On MSNBC’s Morning Joe today, Steven Rattner presented new data on higher incomes in 2016, especially for women, but huge income inequalities persist.
The biggest news was that median household incomes, after adjustment for inflation, rose by 3.2% last year on top of a 5.2% gain in 2015. While the Census Bureau has adjusted its methodology over the years, it appears that this important measure finally eclipsed the previous high set in 1999. Incomes rose last year across all racial and age categories, inside cities and outside metropolitan areas, for native-born Americans and immigrant households. Poverty rates also fell for most groups. However, gains were uneven geographically: up 5.4% in major cities, 2.1% in suburbs and little changed in small towns and rural areas.
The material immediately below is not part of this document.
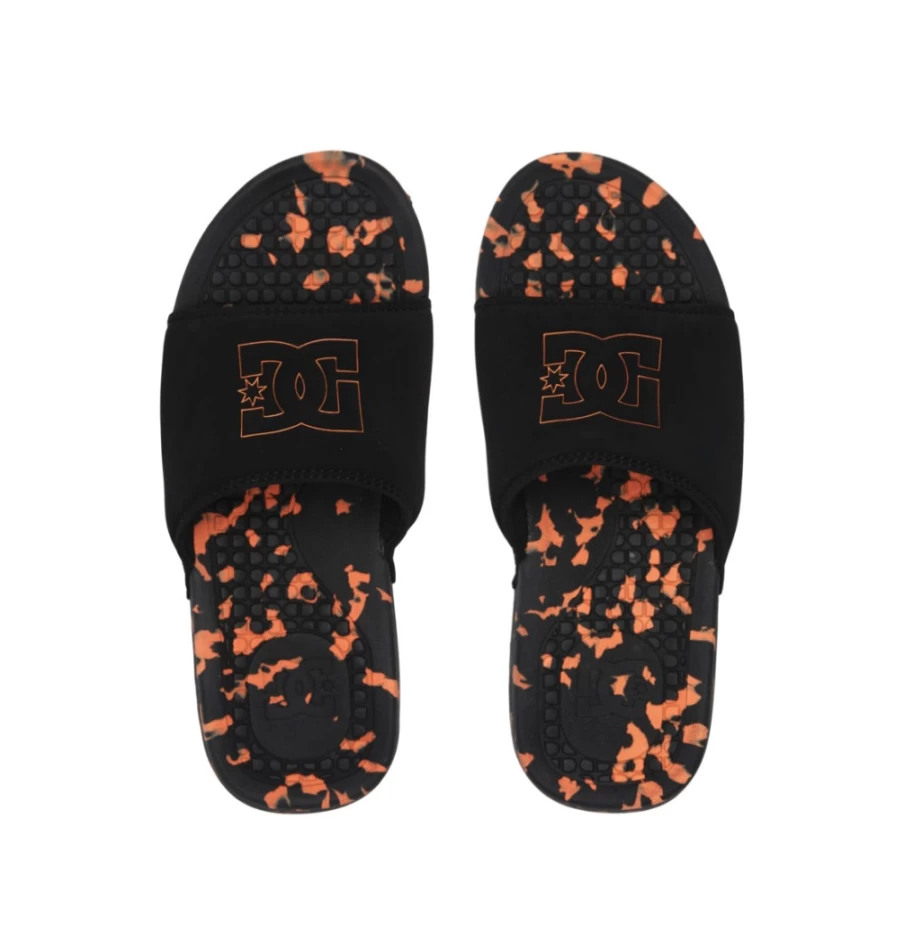 DC Shoes Men's Bolsa Slides - Black/Orange Comfortable Casual Sandals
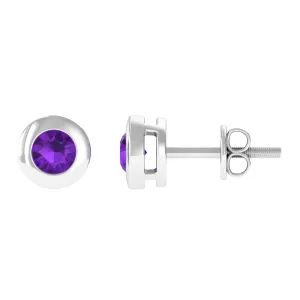 Genuine Violet Amethyst Solitaire Stud Earrings in Bezel Setting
However, this good news for the typical family doesn’t mitigate the notion of the angry Trump voter because income inequality in 2016 was little changed from the previous year and remains at record levels. That means that Americans below the midpoint of the income spectrum are still worse off (after adjusting for inflation) than they were in 1999 (although certainly better off than they were in the aftermath of the recession.) By ethnicity, Asians and Hispanics are significantly better off than in 1999, whites are slightly better off and blacks are slightly worse off.
Women had a good year, continuing to close the gap with men, last year by the largest amount since 2007. The female to male earnings ratio reached 80.5%, the highest ever. However, the gap was closed both by women earning more and men earning less. In dollar terms, the typical man earned $51,640 last year; the average woman received $41,554.